Hi,
There are a couple of possibilities here. To sort multiple rows by a
single column, the fastest approach would be to use sort_to_indices [1]
and then use the take [2] kernel to select the corresponding rows. There
are specialized implementations for each of the array types, making this
fairly performant.
If you want to sort lexicographically by multiple columns, there are
lexsort [3] and lexsort_to_indices [4] kernels, that sort the arrays in
place.
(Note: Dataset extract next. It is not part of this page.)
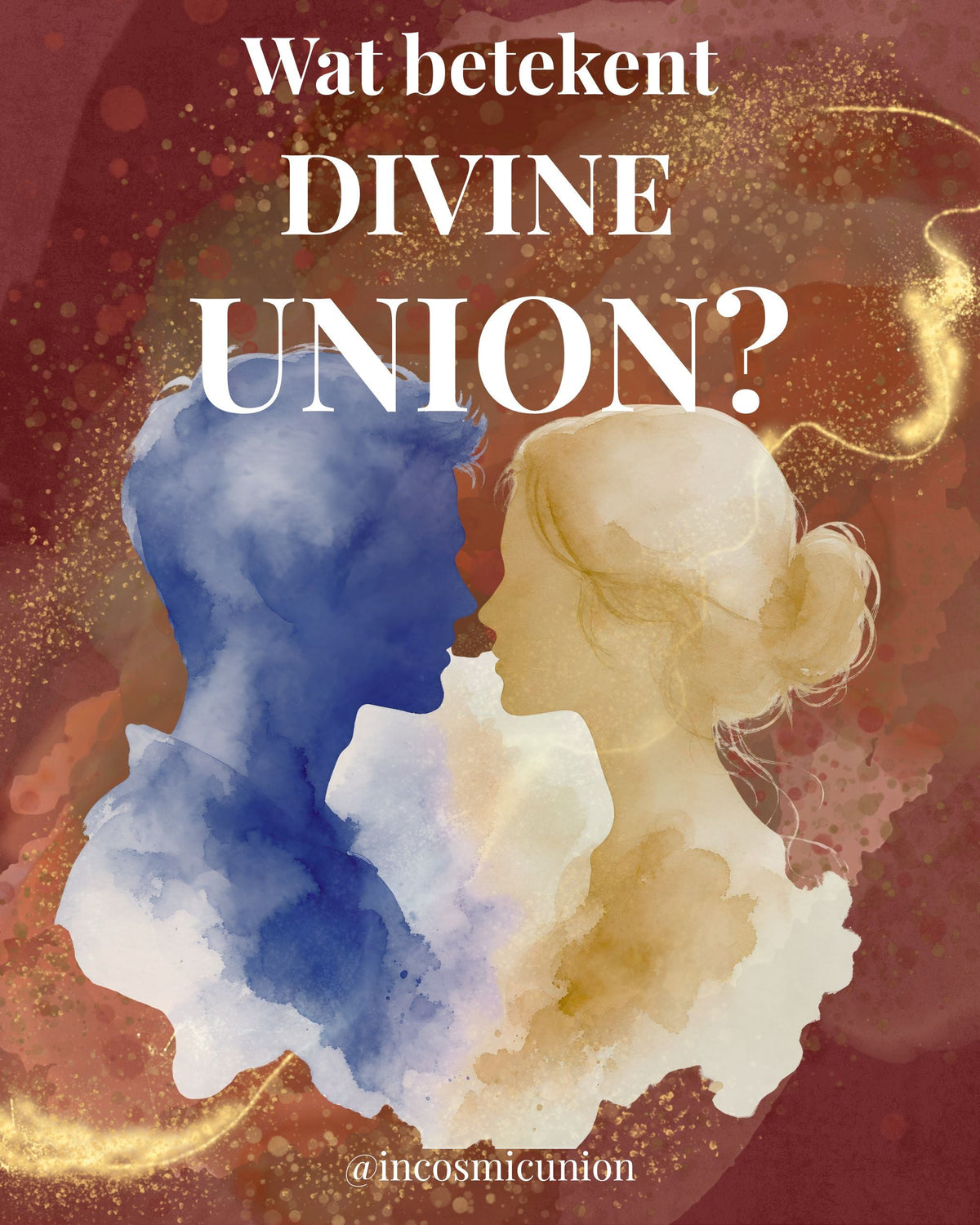 Wat betekent Divine Union?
However, for multicolumn sorts without a limit it will likely be
faster to convert to the row format [5], and use this to perform a
lexsort to indices [6], or sort the rows in place and convert back to
arrow arrays [7]. There is more information about the row format in the
blog series on the topic [8], which may be of interest.
Kind Regards,
Raphael
[1]: https://docs.rs/arrow-ord/latest/arrow_ord/sort/fn.sort_to_indices.html
[2]: https://docs.rs/arrow-select/latest/arrow_select/take/fn.take.html
[3]: https://docs.rs/arrow-ord/latest/arrow_ord/sort/fn.lexsort.html
[4]:
https://docs.rs/arrow-ord/latest/arrow_ord/sort/fn.lexsort_to_indices.html
[5]: https://docs.rs/arrow-row/latest/arrow_row
[6]: https://docs.rs/arrow-row/latest/arrow_row/#lexsort
[7]:
https://docs.rs/arrow-row/latest/arrow_row/struct.RowConverter.html#method.convert_rows
[8]:
https://arrow.apache.org/blog/2022/11/07/multi-column-sorts-in-arrow-rust-part-1/
On 26/02/2023 11:55, Olo Sawyerr wrote:
Hi there,
Hope you're well.
I'm trying to sort a RecordBatch by multiple columns and it's not
obvious how to achieve this. The kernels::sort() only takes a single
ArrayRef.
Any ideas pls?
Regards,
Olo